Monitoring token usage across your application prevents unexpected failures and cost overruns.

How Different Models Tokenize

Each model family has its own tokenizer.

OpenAI GPT models like GPT-4o, GPT-4 Turbo, and the newer GPT-5 use cl100k_base with approximately 100,000 tokens. You can explore these using OpenAI's tiktoken library.

Anthropic Claude models including Claude 4 and Claude 4.5 (Opus, Sonnet, Haiku) use a proprietary tokenizer optimized for efficiency. Anthropic doesn't publish vocabulary details, but you can estimate counts through their console or API.

Meta Llama 4 uses SentencePiece with BPE. The vocabulary has been expanded from earlier versions for better efficiency across languages.

Google Gemini 2.5 Pro and Gemini 2.5 Flash use their own tokenization scheme optimized for multimodal inputs. Google's documentation provides token counting utilities.

The key insight: never assume token counts transfer between models. What costs 100 tokens on GPT-4o might cost 150 on Llama 4. Always test with your target model's tokenizer.

For a broader understanding of LLM architecture, our comprehensive LLM guide covers how all these components fit together.

Practical Tips for Working with Tokens

Use official tokenizers. Don't estimate. Use the actual tokenizer for your target model. OpenAI provides tiktoken, Hugging Face has tokenizer libraries for open models. Get exact counts before building features that depend on length.

Optimize your prompts. Verbose prompts cost more. "Please kindly provide a detailed explanation of" uses more tokens than "Explain." Be concise without losing clarity.

Choose the right model for the job. Don't use GPT-4o or Claude Opus for simple tasks. Smaller, faster models like GPT-4o mini or Claude Haiku cost less per token and might produce equivalent results for straightforward queries.

Monitor token usage in production. Track average tokens per request. Identify outliers. Set up alerts for unexpected spikes. This prevents billing surprises.

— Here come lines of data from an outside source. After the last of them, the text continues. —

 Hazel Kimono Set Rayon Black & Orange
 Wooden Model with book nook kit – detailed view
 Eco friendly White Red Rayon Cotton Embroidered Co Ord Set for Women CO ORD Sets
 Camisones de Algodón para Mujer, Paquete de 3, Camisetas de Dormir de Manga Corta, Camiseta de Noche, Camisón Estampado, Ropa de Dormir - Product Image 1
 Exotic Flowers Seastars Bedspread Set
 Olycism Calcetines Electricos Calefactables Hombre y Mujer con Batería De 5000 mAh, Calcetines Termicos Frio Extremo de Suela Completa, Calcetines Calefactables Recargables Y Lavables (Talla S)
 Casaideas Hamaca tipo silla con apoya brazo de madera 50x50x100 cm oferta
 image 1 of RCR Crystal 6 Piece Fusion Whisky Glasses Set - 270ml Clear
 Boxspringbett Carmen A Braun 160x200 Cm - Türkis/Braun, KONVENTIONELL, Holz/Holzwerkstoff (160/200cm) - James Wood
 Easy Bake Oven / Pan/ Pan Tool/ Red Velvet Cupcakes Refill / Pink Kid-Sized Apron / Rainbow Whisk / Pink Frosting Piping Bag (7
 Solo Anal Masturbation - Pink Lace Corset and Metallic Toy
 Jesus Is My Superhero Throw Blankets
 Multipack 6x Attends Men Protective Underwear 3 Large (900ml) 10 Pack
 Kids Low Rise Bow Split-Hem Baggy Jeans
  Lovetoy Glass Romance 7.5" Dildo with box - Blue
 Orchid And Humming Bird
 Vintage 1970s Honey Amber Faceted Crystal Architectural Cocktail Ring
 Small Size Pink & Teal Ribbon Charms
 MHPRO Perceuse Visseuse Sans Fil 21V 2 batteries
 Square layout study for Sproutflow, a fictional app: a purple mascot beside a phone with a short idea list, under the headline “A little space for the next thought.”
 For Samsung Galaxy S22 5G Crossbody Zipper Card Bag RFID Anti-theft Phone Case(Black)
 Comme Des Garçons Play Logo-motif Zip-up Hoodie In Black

Cache repeated content. If you're sending the same context repeatedly, some providers offer prompt caching discounts that can reduce costs significantly.

Consider token limits in UI design. If users can type freely, they might exceed context limits. Implement character or word counters as a proxy for token awareness.

The Future of Tokenization

Tokenization isn't solved. Researchers are exploring alternatives.

Byte-level models like ByT5 process raw bytes directly, eliminating traditional tokenization. This improves multilingual handling but increases sequence lengths.

Adaptive tokenization adjusts strategies during training based on performance metrics.

Character-level approaches processing individual characters or character triplets could eliminate tokenization artifacts entirely.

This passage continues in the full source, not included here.